**Exercise instructions:**
Find the line containing "1535 Klondike Rd, Clinton, AR 72031 photo 3" in the entries; transcribe it and all remaining lines through the end, exactly as they appear, but not the pictures.

╭─ Supplied material

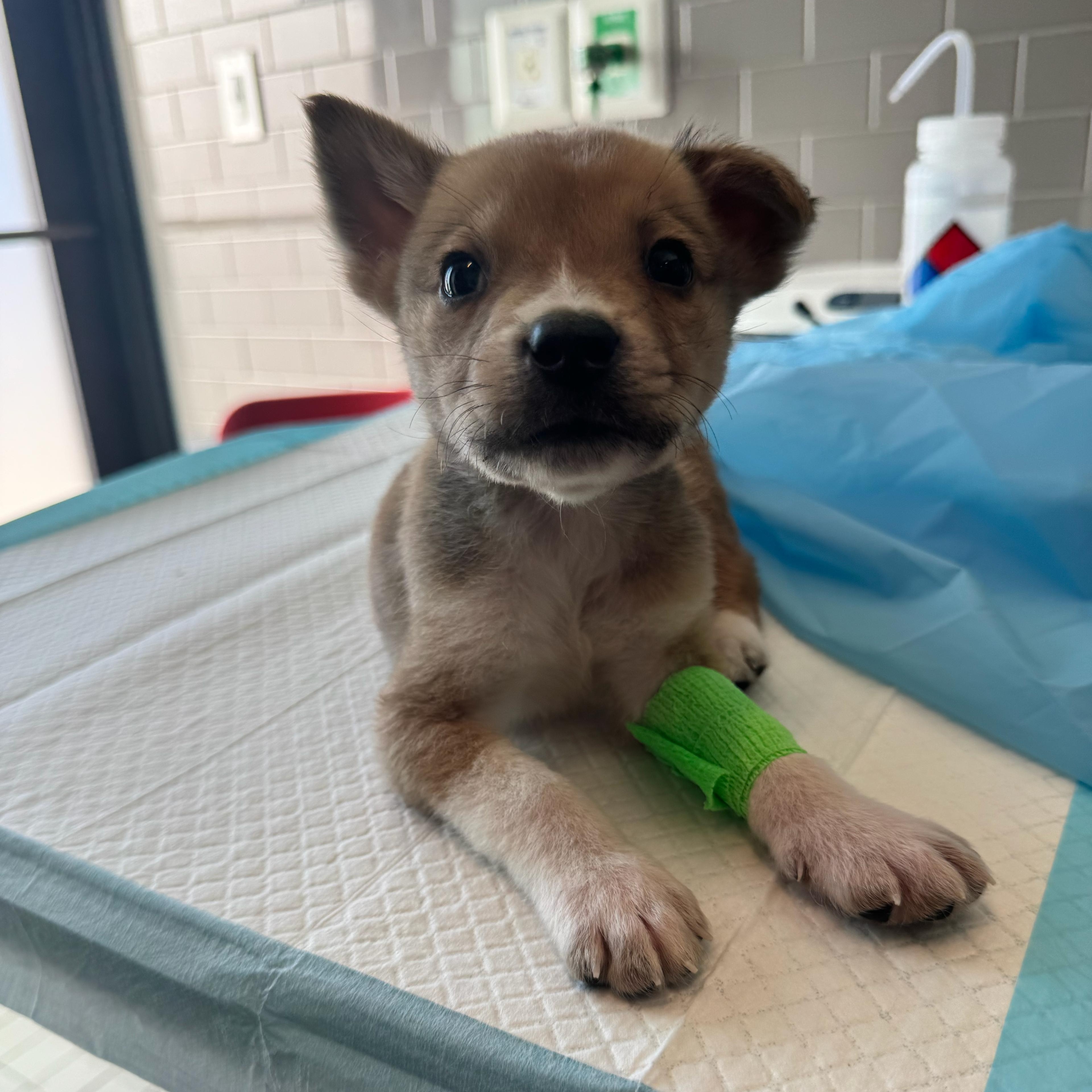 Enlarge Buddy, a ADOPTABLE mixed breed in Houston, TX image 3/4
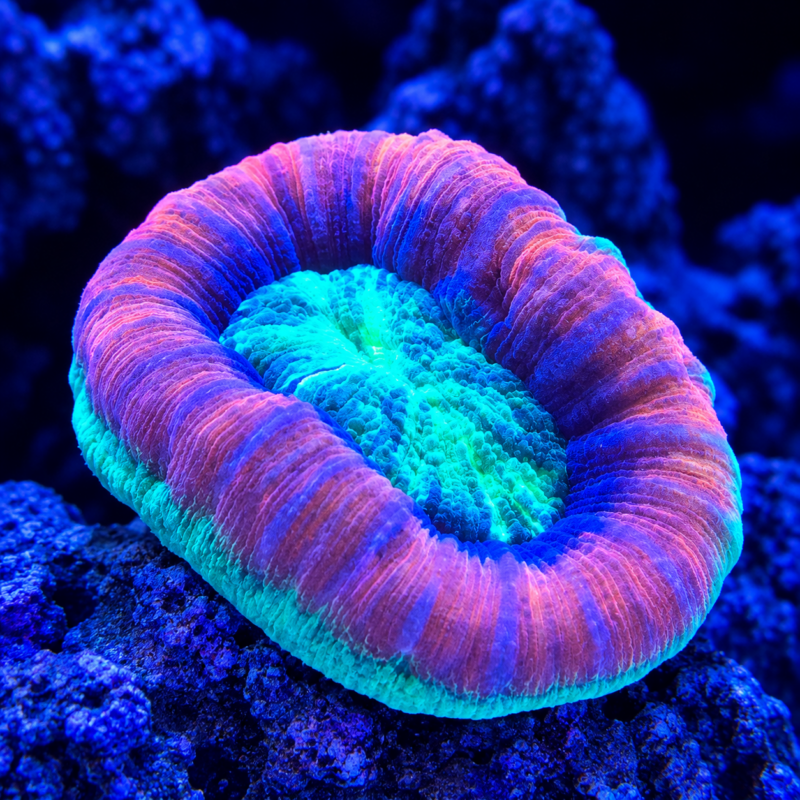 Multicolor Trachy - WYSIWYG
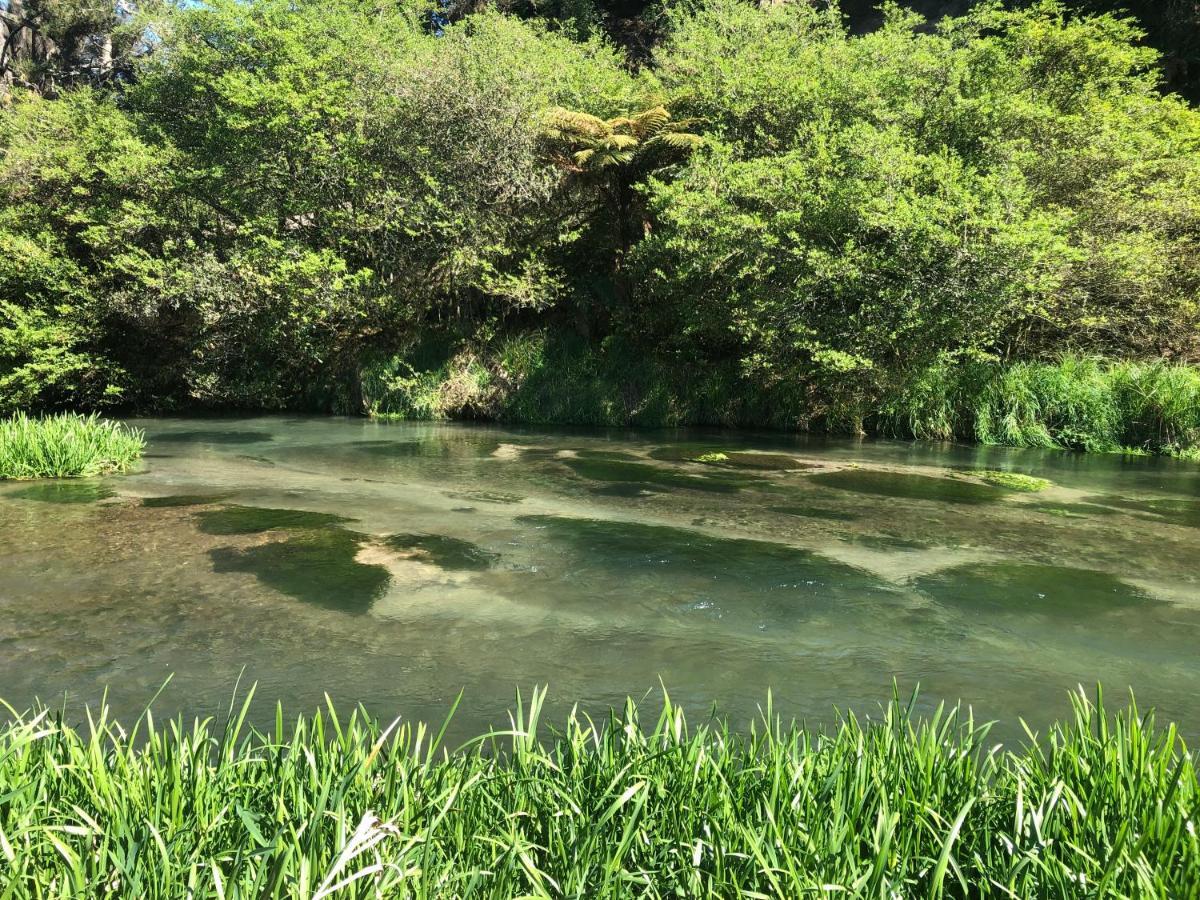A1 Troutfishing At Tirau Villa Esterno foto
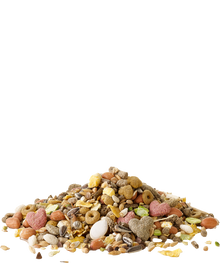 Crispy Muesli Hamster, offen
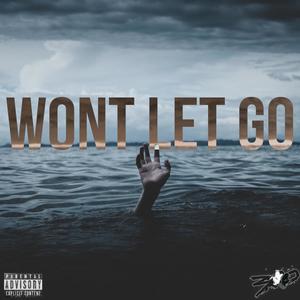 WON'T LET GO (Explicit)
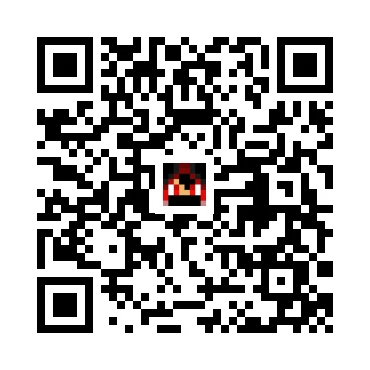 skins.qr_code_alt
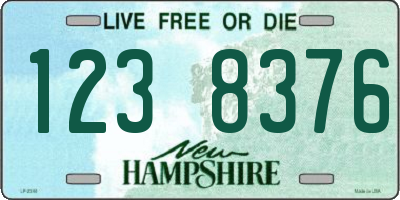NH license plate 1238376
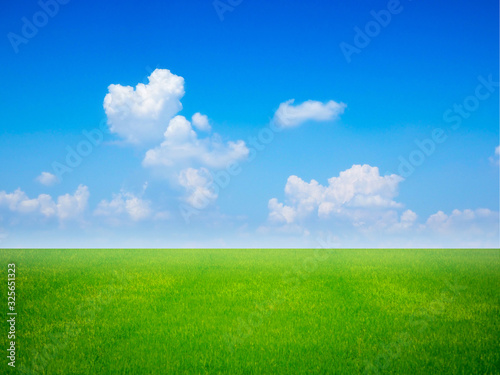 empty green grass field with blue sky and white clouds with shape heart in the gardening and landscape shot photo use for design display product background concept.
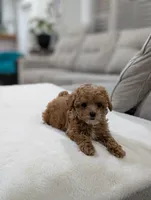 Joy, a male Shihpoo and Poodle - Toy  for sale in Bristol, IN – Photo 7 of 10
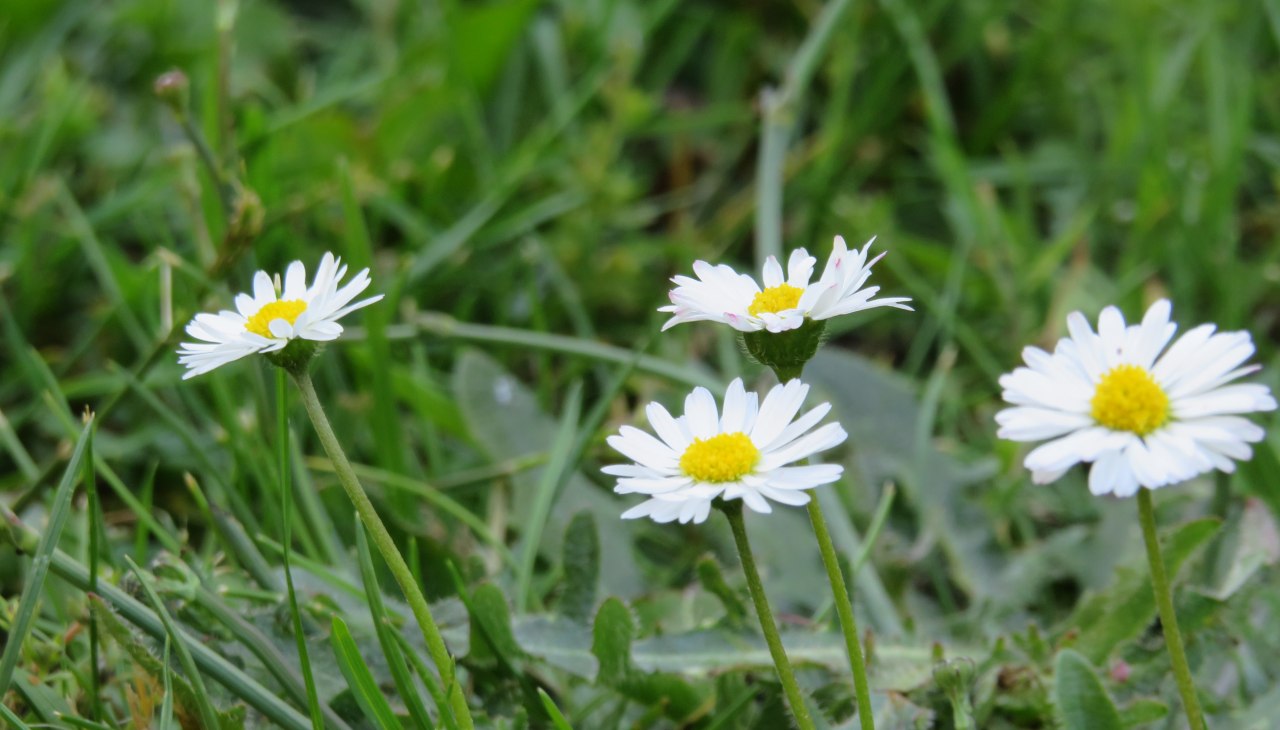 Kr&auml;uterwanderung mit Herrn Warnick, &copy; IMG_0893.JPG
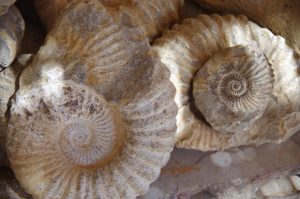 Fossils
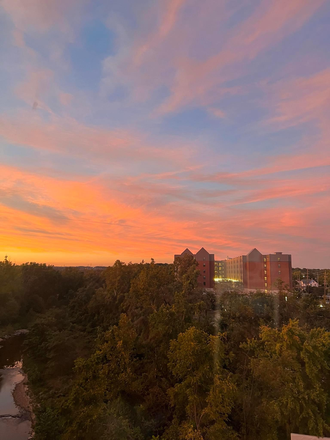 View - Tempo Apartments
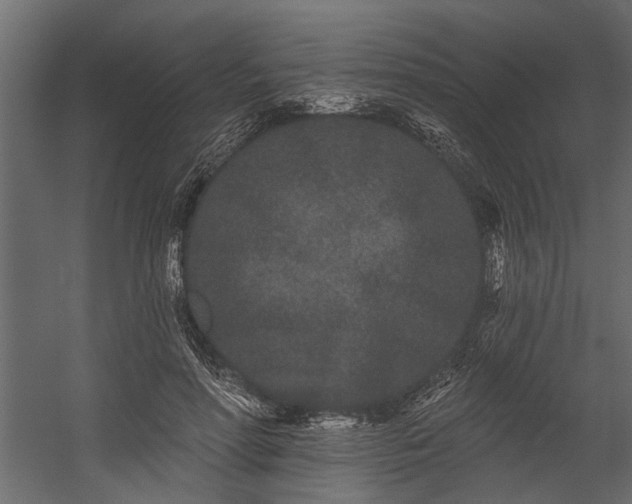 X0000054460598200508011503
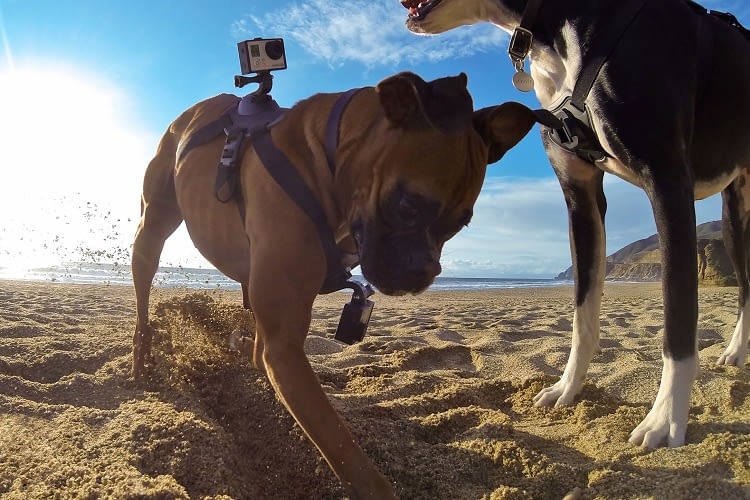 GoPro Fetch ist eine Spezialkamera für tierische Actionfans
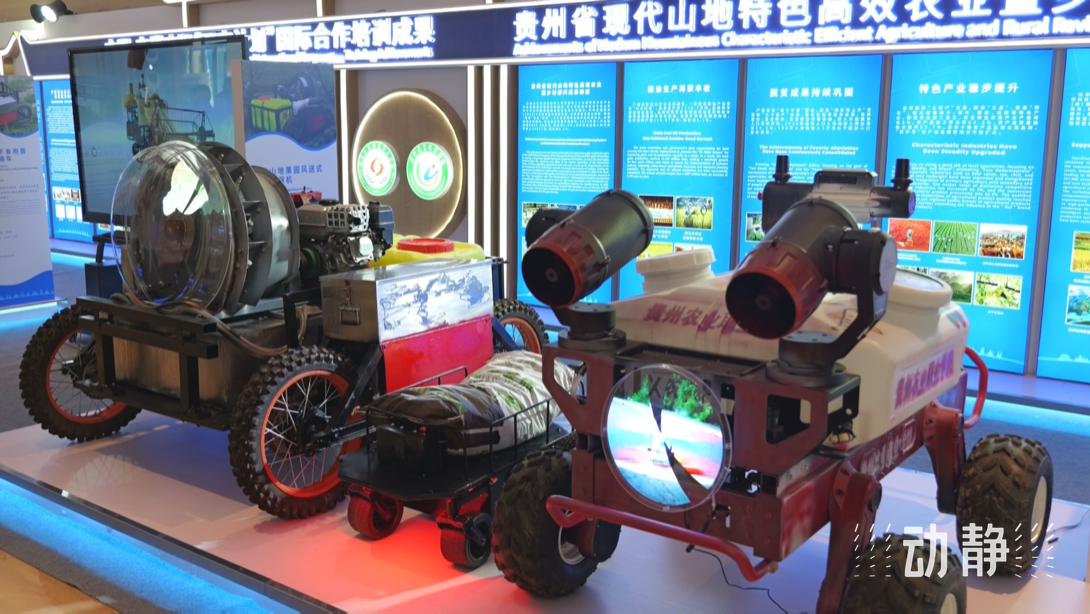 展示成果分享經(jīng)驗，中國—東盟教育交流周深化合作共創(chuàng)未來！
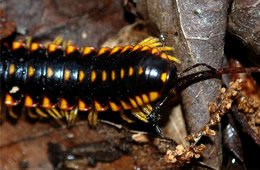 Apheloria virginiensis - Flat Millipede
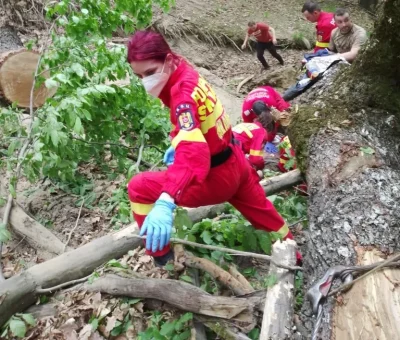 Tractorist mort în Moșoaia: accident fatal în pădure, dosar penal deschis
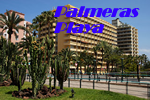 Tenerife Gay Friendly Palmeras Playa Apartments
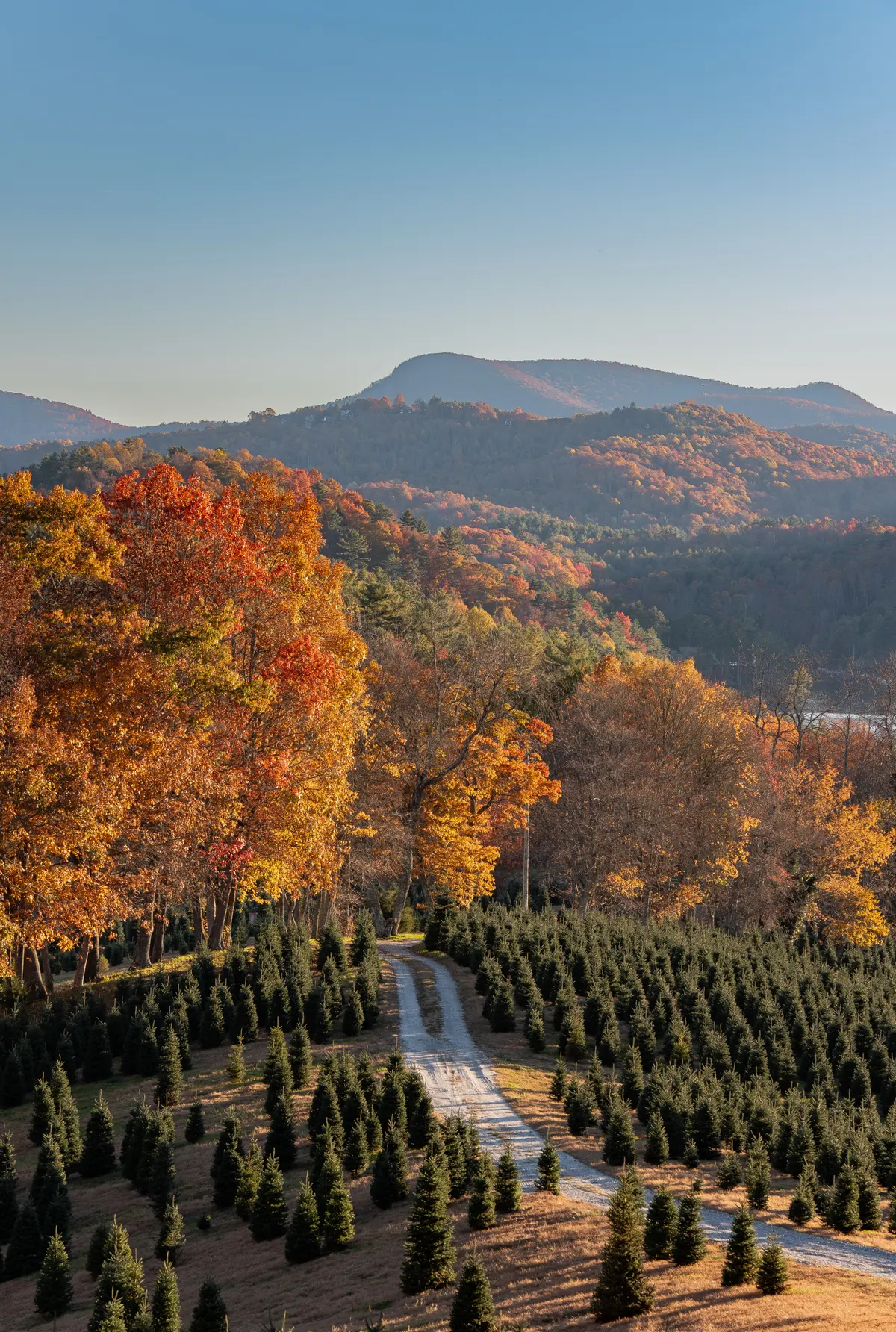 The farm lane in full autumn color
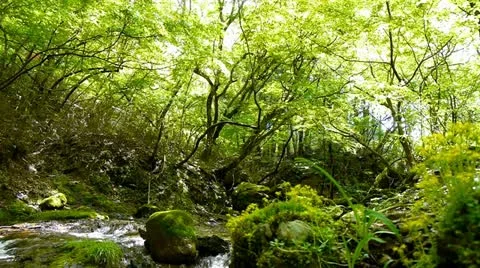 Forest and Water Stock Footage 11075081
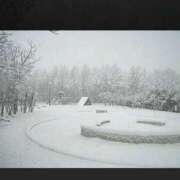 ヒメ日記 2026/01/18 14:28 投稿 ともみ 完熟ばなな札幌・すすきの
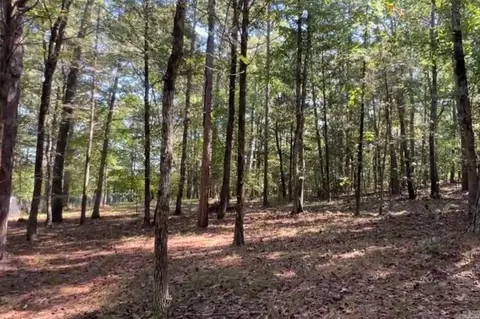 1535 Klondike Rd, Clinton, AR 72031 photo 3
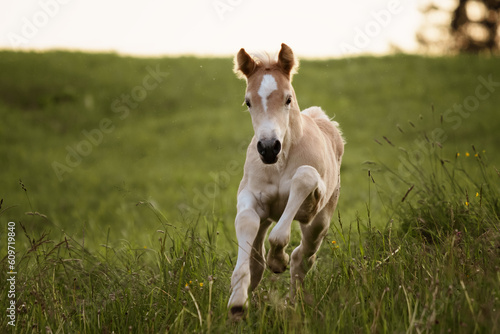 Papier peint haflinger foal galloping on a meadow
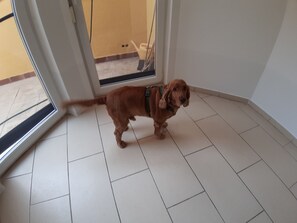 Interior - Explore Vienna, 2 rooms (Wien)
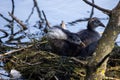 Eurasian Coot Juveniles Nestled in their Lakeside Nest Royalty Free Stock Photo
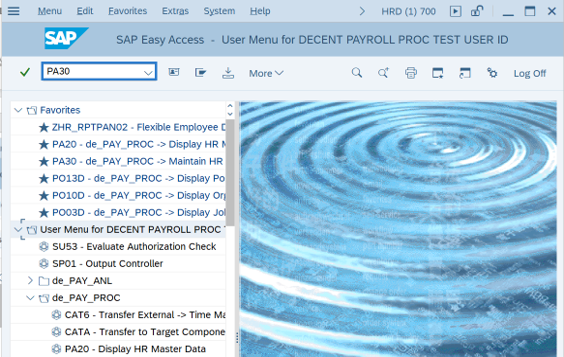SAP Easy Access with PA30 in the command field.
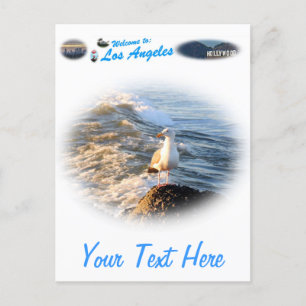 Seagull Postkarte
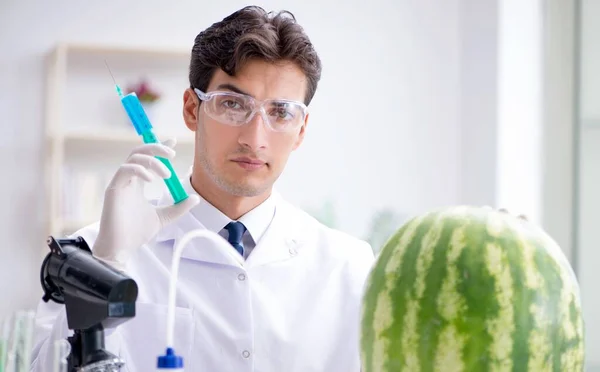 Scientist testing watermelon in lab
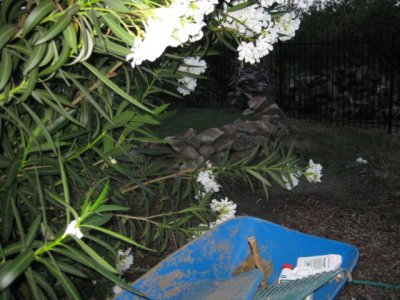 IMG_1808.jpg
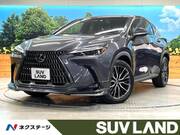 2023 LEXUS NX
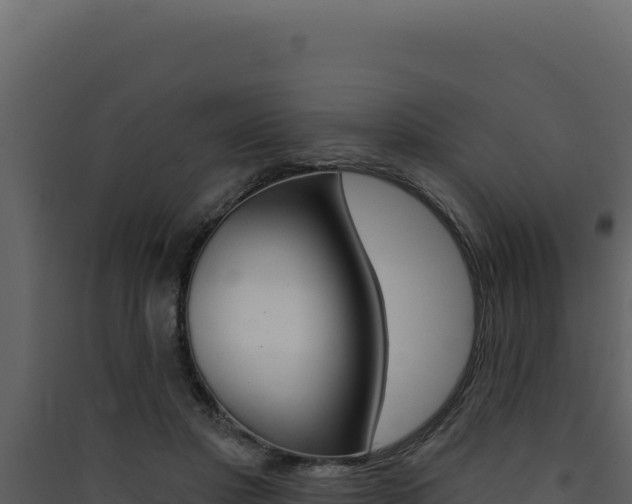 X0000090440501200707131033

╰─

**Exercise response:**
 1535 Klondike Rd, Clinton, AR 72031 photo 3
 Papier peint haflinger foal galloping on a meadow
 Interior - Explore Vienna, 2 rooms (Wien)
 Eurasian Coot Juveniles Nestled in their Lakeside Nest Royalty Free Stock Photo
SAP Easy Access with PA30 in the command field.
 Seagull Postkarte
 Scientist testing watermelon in lab
 IMG_1808.jpg
 2023 LEXUS NX
 X0000090440501200707131033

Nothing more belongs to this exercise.